**Work required**
Copy, word for word, the lines of the listing below from the line with "People do this" up to and including the line with "Hello and welcome". Drop the pictures.

**Data for this exercise**
┌──
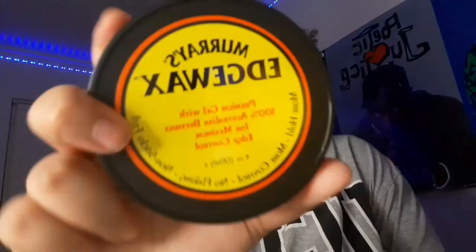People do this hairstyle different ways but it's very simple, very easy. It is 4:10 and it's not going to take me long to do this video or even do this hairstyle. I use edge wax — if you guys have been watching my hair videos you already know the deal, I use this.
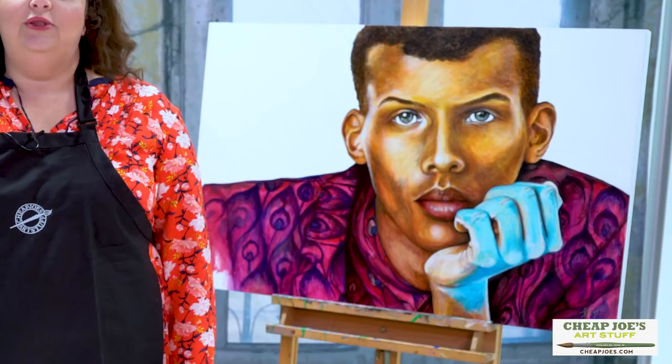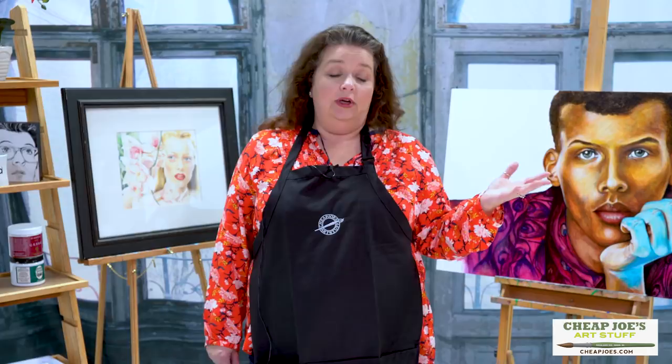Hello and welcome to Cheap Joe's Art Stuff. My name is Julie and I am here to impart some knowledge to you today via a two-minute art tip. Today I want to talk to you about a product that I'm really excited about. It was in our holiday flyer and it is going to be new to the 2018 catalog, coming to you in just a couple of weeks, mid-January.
└──
┌──
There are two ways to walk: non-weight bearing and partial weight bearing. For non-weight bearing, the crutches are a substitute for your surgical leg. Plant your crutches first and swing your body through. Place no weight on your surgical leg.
└──
**Answer**
People do this hairstyle different ways but it's very simple, very easy. It is 4:10 and it's not going to take me long to do this video or even do this hairstyle. I use edge wax — if you guys have been watching my hair videos you already know the deal, I use this.
Hello and welcome to Cheap Joe's Art Stuff. My name is Julie and I am here to impart some knowledge to you today via a two-minute art tip. Today I want to talk to you about a product that I'm really excited about. It was in our holiday flyer and it is going to be new to the 2018 catalog, coming to you in just a couple of weeks, mid-January.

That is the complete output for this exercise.